Son las seis de la tarde de un domingo muy soleado de principios de diciembre en un barrio de un país cercano a la línea del ecuador. Es un barrio de familias emancipadas. Quien decida darse una vuelta por una de las manzanas verá muchas ventanas muchas fachadas siendo decoradas por sus respectivas familias, familias que haciendo equipo de tres de cuatro o de cinco, escasas son las de más de cinco, se las arreglan como pueden para instalar la navidad, sin imaginar nunca en ningún año que a tantas casa vive un electricista o un ebanista que puede ayudar con uno de los indubitables percances que trae esta misión. Una de esas familias es la de la señora L. quien desde las ocho de la mañana está de pie, bregando por tener «su casa» hermosa para cuando oscurezca. Ella dirige: a su esposo encargó de sacar las cajas, desempacar y desempolvar los enseres navideños; a su hija, envolver en periódico y guardar en las cajas que iba desocupando su papá las porcelanas que estuvieron exhibidas durante el año; y a su hijo, de diecisiete años, a que se ocupe de su reblujo, más precisamente, a que no estorbe.
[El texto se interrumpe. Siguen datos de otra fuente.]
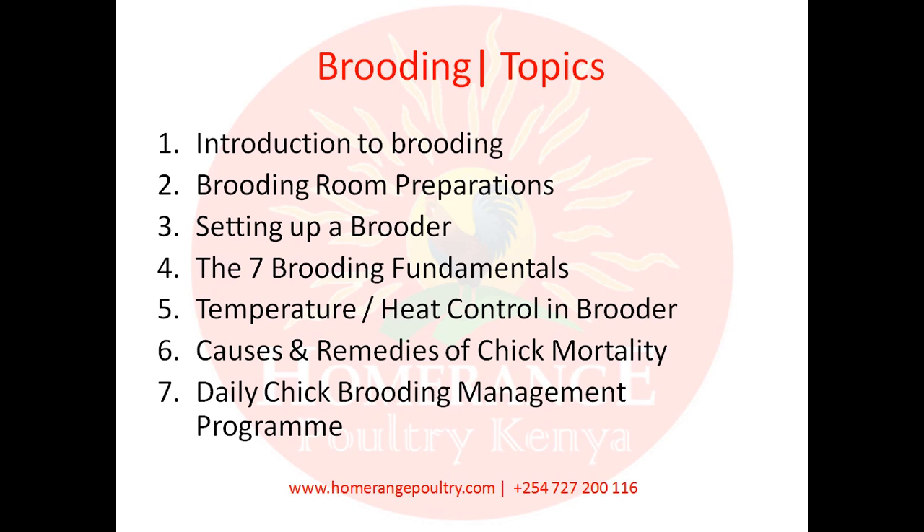We'll discuss the seven brooding fundamentals. We'll also discuss temperature and heat control in the brooder, which is very critical. We'll also discuss causes and remedies of chick mortality, so you know what may actually result in some of your chicks dying and how you can remedy or prevent that.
La señora L., mientras ellos hacían todo esto, se encargó de la ropa, hizo el almuerzo, dio el almuerzo, dejó reluciente la cocina, decidió y dijo dónde ubicaban los ornamentos mientras echaba lo que «no servía» a la basura, guardó lo que su niña empacó y dio una ultima trapeada. La señora L. tuvo una mañana y una tarde muy agitada. Ahora siente que llega una temperatura y un olor fresco. Apaga todas las luces de la casa y pide a todos que salgan. Abajo todos la esperan, ella conecta las instalaciones y sale a mirar cómo ha quedado su casa.